Çiçeklerde yaşlanır değil mi?
Televizyonlarda hep gösteriyor Huzur evlerini.
Peki, nereden anlıyoruz bir çiçeğin yaşlandığını?
Taç yapraklar dökülüyor çiçeklerden. İnsanların da dökülür mü taç yaprakları?
Her gün daha çok taç yaprağı dökülüyor, o kadarki benim oyun oynadığım, oynamak istediğim her yer dökülen taç yaprakları ile dopdolu, hani senin o koca süpürgeyle süpürdüğün yerleri.
Senin süpürdüğün o çöpler, onlar ne oluyor, ne oluyor o bütün çöpler, çiçeklerden ve insanlardan dökülenler ne oluyor.

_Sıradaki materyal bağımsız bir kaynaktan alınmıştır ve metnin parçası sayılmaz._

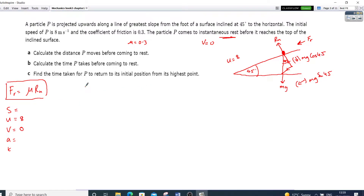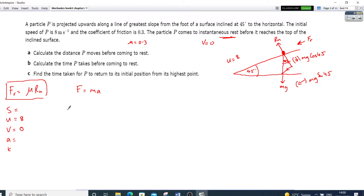So that's my acceleration. Now I need to find displacement. I've got these three elements, so for part (a) I can use the formula v² minus u² equals 2as. I know v is 0, minus 8 squared divided by — don't forget, that acceleration should have been a negative — so that will be negative 9.01 times 2 equals s, which is displacement.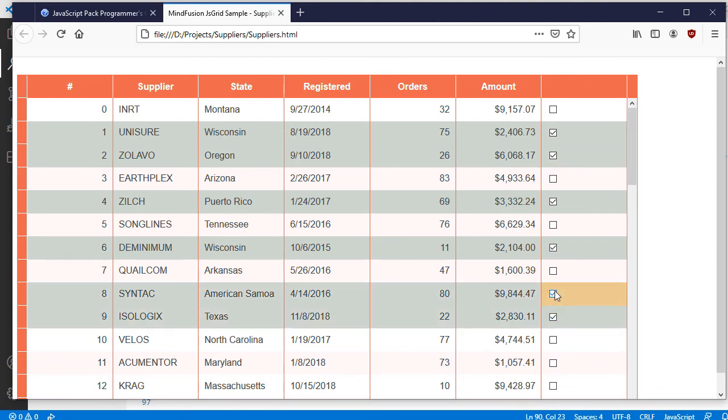We can add one more feature to this grid. Let's render a checkbox in the column header. When users check or uncheck it, the whole grid will be selected or deselected.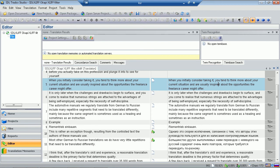This is the basic process for translating sdlxliff files with the Okapi filter in OmegaT. What I just did is actually a round trip — translating just a few segments and checking the file in SDL Trados Studio to make sure everything goes correctly. It's always a good idea to do this kind of round trip because you don't want to end up translating a large project and then finding out that it doesn't open in Trados Studio.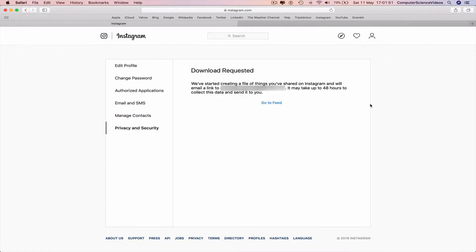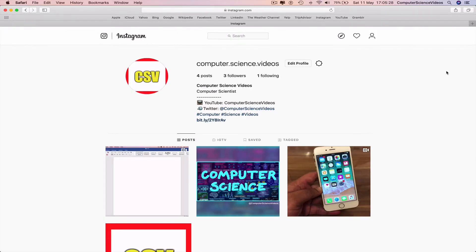We've started creating a file of things you've shared on Instagram and we'll email you a link. It'll take up to 48 hours. I'll go back to the feed now and check my email to see if they send the link.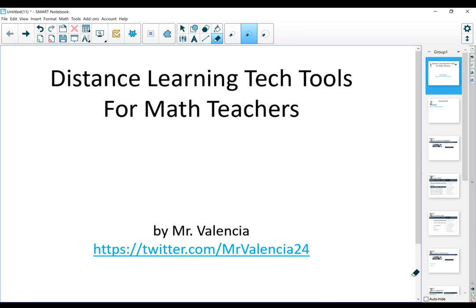Hello guys, this is Mr. Valencia. I wanted to make another video discussing some of the tech tools that I have been using during distance learning that I found most helpful and effective.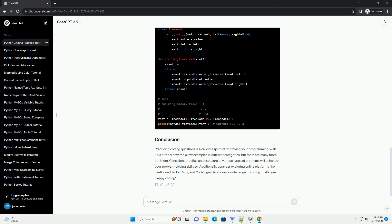Practicing coding questions is a crucial aspect of improving your programming skills. This tutorial covered a few examples in different categories, but there are many more out there. Consistent practice and exposure to various types of problems will enhance your problem-solving abilities.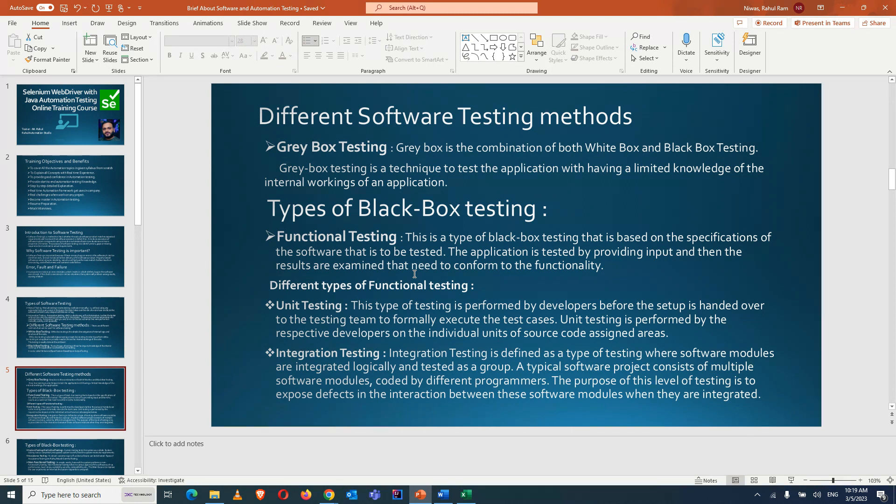After handover, the tester performs integration testing — testing a particular module with other functionalities. Integration testing is where software modules are integrated logically and tested as a group. A typical software project has multiple modules coded by different programmers; the purpose of integration testing is to expose defects in the interaction between these software modules when they are integrated.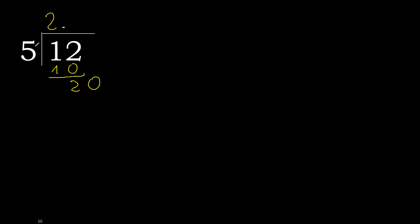20. 5 multiplied by 4 is 20. 20 minus 20, 0. 0, therefore finish it.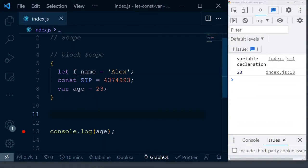The thumb rule: if you want a variable accessible outside of block scope, use var. If you want it contained within the block — which is usually the intent when creating something inside a block — use let or const. Keep that in mind. Now let's move to the next scope: function scope.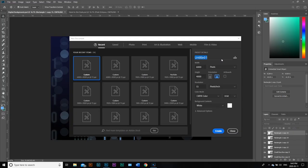All right, so here we are now in the computer. We're going to create our composition. We're going to title this tutorial if we can spell tutorial.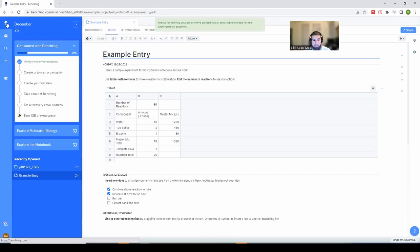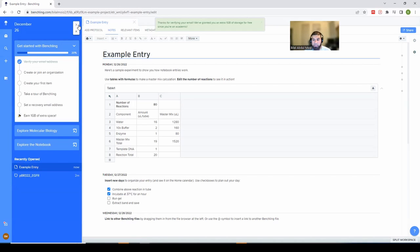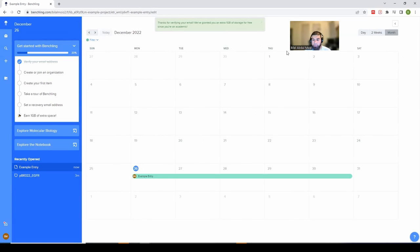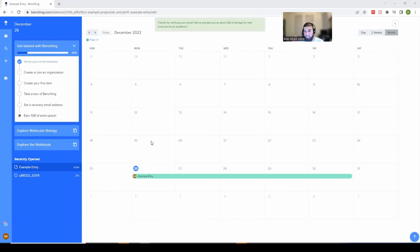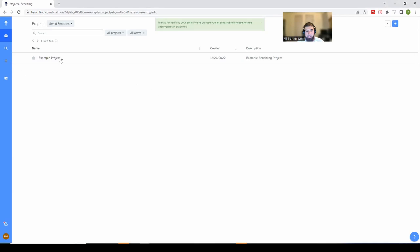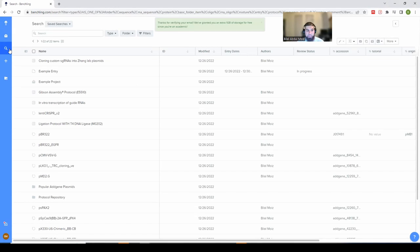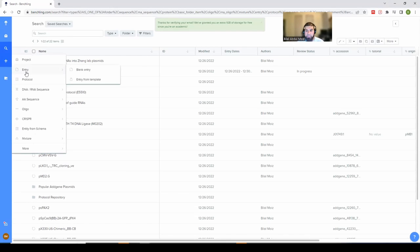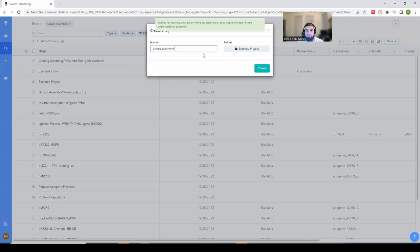You'll notice five tabs here. The first is the home tab, where you can join an organization, take a tour, set up a recovery email, and explore the molecular biology and notebook sections. It's also here that you can access the calendar — hover your cursor on this icon and click it to pop out the calendar and see experiments you have planned. This folder icon is where you'll see all your projects, and the search icon lets you search through entries.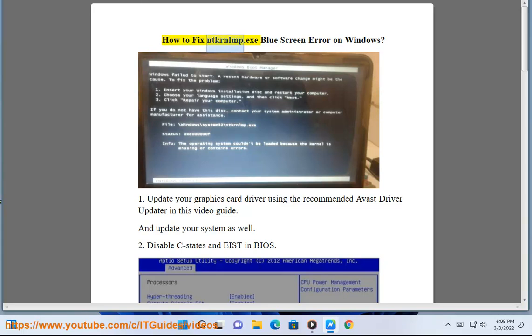How to fix NTKRNLMP.exe Blue screen error on Windows. Step 1: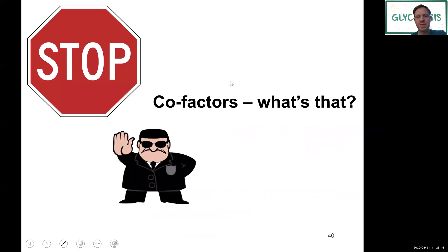This is the end of this breakout video. You can follow up through the main lecture video on glycolysis.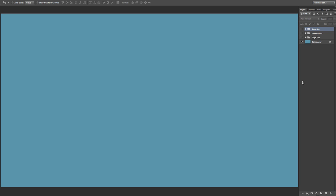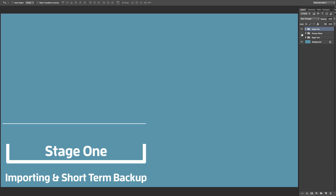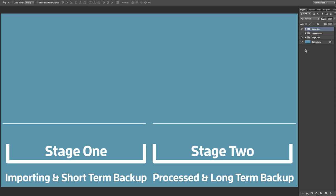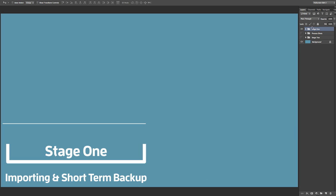I'm going to split this up into two stages. Stage one is about importing and short-term backup solutions, and stage two is after I process the images where the raw files go into long-term backups. Let's start with stage one.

Bütün o çöpler ve insanlardan çiçeklerden arta kalan taç yapraklar, o her şeyi süpüren koca süpürgenin altında kalan.
Neden o kadar çok çalışıyorsun neden. Her şeyi süpürüp yığıyorsun öyle?
Yeni açmış çiçekleri kim getirecek sonra? Yeni insanları kim getirecek sonra?
Benim oyun oynadığım yere taç yaprakları dökülmeyen yeni açmış çiçekleri kim getirip suya koyacak. Uykusu gelmiş yorgun ihtiyarlar gibi solup boynunu bükmeyen yeni açmış çiçekleri kim getirecek. Her gün solup kurumayan o taze çiçekleri?
Hem yeni açmış çiçeklerimiz olursa, su verip onları soldurmayacak güzel insanlarımız olacak mı?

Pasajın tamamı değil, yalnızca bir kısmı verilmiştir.